Although iPads, Chromebooks are the way of the future, that 3 to 1 devices overshadow the old 1 to 1 concept, the fact remains that high stakes testing impedes future implementation of this vision of highly mobile devices eliminating computer labs. It is ironic that while we advocate for mobile device enhanced learning, in the end, it is high stakes assessments required by the State that consume most of the funding available to schools. Simply high stakes testing relies on old technology that isn't mobile, may be more expensive to maintain and implement.
The situation was predicted by a colleague of mine years ago. In the end, there will be time for only one sort of activity in our schools' computer labs. The work of test prep, drill-n-kill, tutorial, and assessment. As a committed instructional technologist, I am committed to keeping educational technology alive. As an administrator, I find myself planning for computer labs.
So, in that spirit of number crunching, what's the formula for how many computer labs need to be implemented in a school with how many computers per lab?
I see this as a math problem, and math isn't my strongest subject. If you know a better way, I humbly ask for your insights.
Here are the questions:
- In an elementary school with 500 students, how many labs and computers per lab should there be?
- In a middle school with a total enrollment of 1,200 students, how many labs and computers per lab should there be?
- In a high school with a total enrollment of 2800 students, how many labs and computer per lab should there be at minimum?
Some points to keep in mind:
- The ratio of students to computers for purposes of a lab is 11 students to 1 computer. I read this somewhere and don't have a source (late night desperation searches months ago and I failed to bookmark the PDF)

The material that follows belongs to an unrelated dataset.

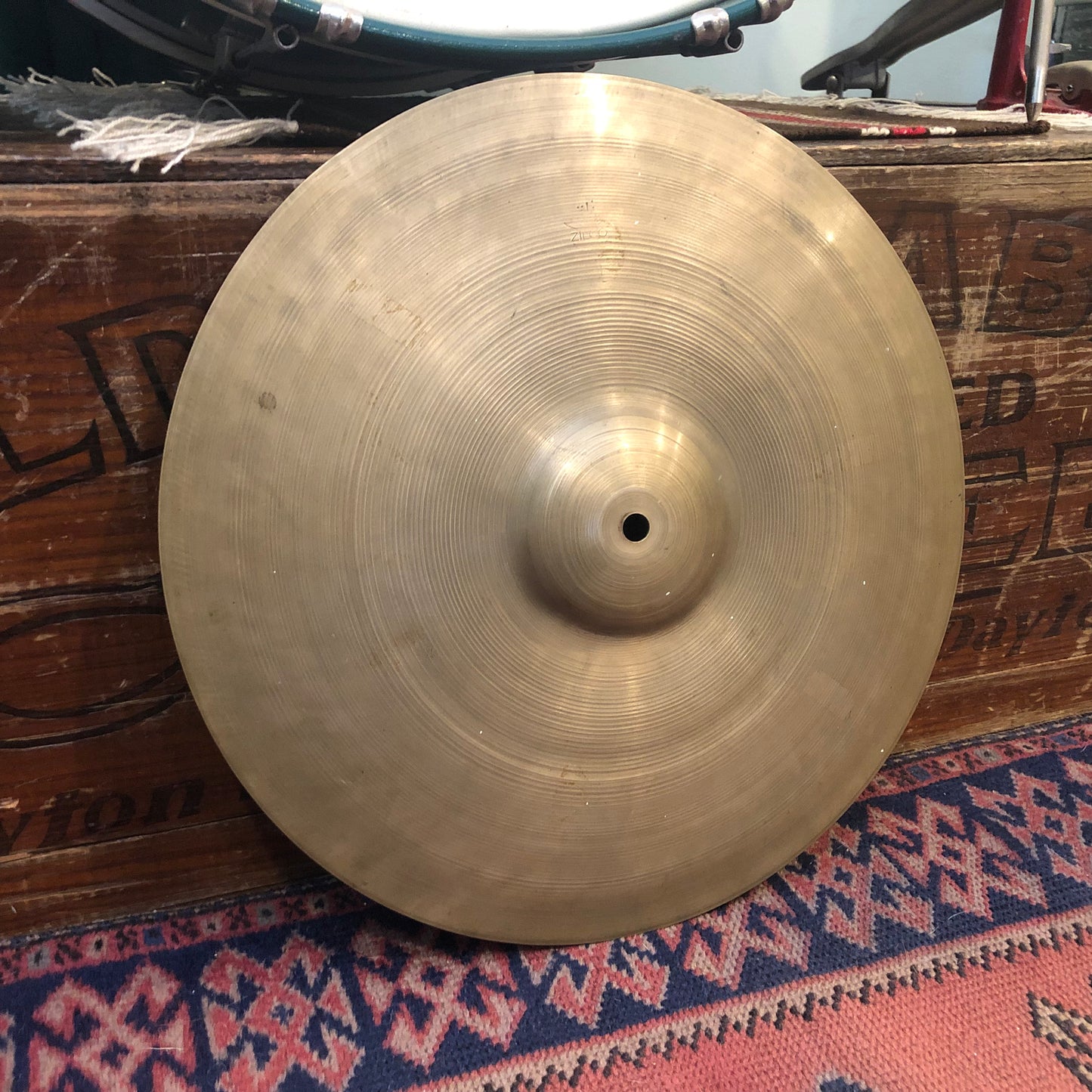 14" Zilco By Zildjian Hi-Hat Single / Small Ride Cymbal 1186g #824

- In my State, 22 students is the maximum possible size of a classroom in elementary grades.
- Middle and High School classes can have 30+ students in them but for purposes of this conversation, I'm going to impose a limit of 30 students as max class size.
Formulas to Get Desired Information:
- To obtain the Total Lab Computers that need to be purchased, divide Total Enrollment by student:computer lab ratio of 11.
- To obtain the Total Number of Labs, divide the Total Lab Computers by your total max class size.
Applying the Formula:
In an elementary school with 500 students, how many labs and computers per lab should there be?
- Total Lab Computers = 500/11 (Result: 45 computers for labs)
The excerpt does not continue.